*DATA BLOCK*
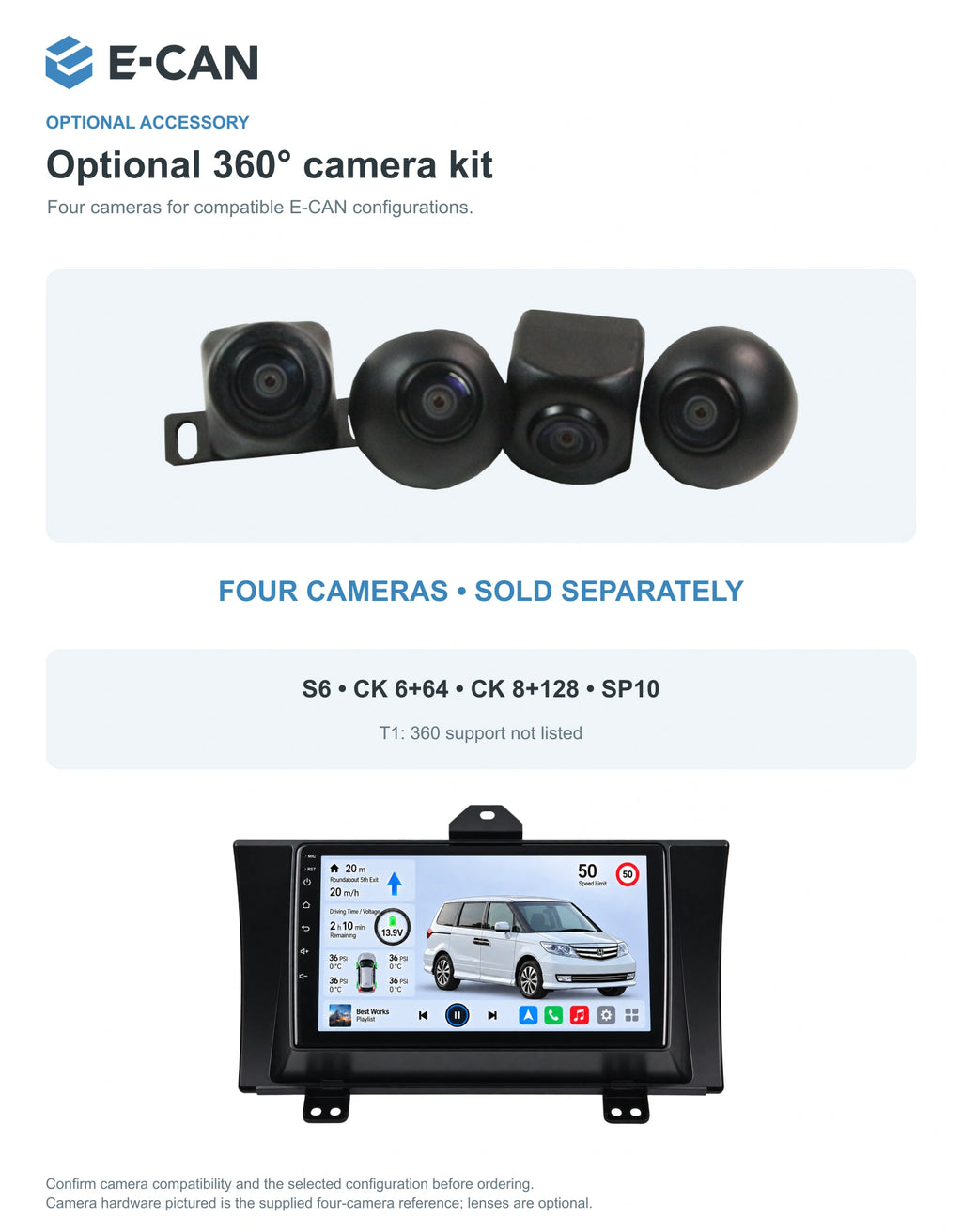 Honda Elysion · China 2012–2015 9-inch — 05 360 camera option; installation/UI graphics are illustrative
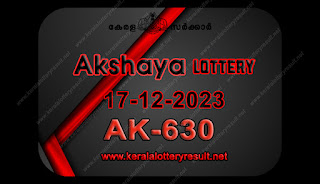 Kerala lottery result;  AKSHAYA Lottery Results Today "AK 630"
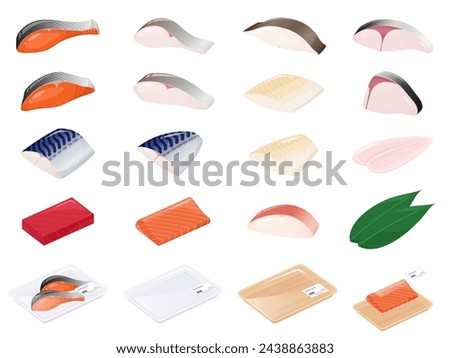 Fish fillet vector illustration material set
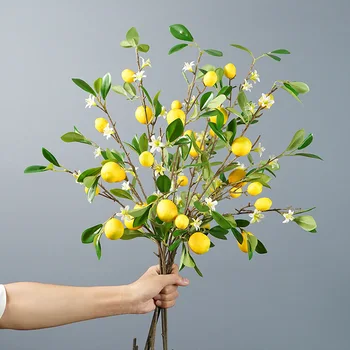 V reálnom pohľade Žltá Citrónom ovocie, biele kvety, Umelé kvety domova flores artificiales falošné listy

*EXERCISE BRIEF*
Give back exactly the lines from the one that contains "Kerala lottery result;" to the final line of the data above, both included, with all pictures removed.

*SOLUTION FOR THIS PROBLEM*
 Kerala lottery result;  AKSHAYA Lottery Results Today "AK 630"
 Fish fillet vector illustration material set
 V reálnom pohľade Žltá Citrónom ovocie, biele kvety, Umelé kvety domova flores artificiales falošné listy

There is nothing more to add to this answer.